> **Brief**: Reproduce the entries shown below only from the line with "photo of young" down to the line with "wet, drenched, professional, high-quality", keeping both end lines and copying each one exactly.

+---+

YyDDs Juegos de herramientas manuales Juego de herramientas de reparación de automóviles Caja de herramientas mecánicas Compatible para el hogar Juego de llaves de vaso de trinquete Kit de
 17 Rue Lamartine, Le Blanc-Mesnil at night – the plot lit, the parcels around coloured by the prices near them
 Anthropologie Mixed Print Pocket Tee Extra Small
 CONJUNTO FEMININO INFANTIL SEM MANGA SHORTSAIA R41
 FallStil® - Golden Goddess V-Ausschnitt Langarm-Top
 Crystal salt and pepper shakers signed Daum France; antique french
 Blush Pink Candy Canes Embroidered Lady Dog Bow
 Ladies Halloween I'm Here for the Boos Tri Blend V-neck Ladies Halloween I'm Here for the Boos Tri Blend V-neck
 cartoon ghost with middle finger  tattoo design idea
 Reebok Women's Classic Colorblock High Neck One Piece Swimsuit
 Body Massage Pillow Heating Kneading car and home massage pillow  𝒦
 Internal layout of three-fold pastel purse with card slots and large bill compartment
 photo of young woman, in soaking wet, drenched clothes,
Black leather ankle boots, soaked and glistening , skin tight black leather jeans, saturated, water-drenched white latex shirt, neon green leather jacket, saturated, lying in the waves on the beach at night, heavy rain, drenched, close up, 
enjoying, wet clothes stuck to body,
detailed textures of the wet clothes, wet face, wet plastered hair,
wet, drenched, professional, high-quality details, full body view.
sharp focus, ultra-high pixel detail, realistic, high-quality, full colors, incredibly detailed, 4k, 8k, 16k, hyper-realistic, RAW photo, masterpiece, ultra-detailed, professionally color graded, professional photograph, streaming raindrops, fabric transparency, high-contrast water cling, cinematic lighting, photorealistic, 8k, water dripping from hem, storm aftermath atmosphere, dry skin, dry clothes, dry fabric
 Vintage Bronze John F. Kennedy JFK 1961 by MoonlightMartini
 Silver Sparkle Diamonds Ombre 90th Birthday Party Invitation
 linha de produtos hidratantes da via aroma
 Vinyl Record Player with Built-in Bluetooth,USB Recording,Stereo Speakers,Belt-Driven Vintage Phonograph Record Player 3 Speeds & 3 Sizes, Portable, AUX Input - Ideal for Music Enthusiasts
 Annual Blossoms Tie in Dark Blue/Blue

+---+

> **Answer box**:
 photo of young woman, in soaking wet, drenched clothes,
Black leather ankle boots, soaked and glistening , skin tight black leather jeans, saturated, water-drenched white latex shirt, neon green leather jacket, saturated, lying in the waves on the beach at night, heavy rain, drenched, close up, 
enjoying, wet clothes stuck to body,
detailed textures of the wet clothes, wet face, wet plastered hair,
wet, drenched, professional, high-quality details, full body view.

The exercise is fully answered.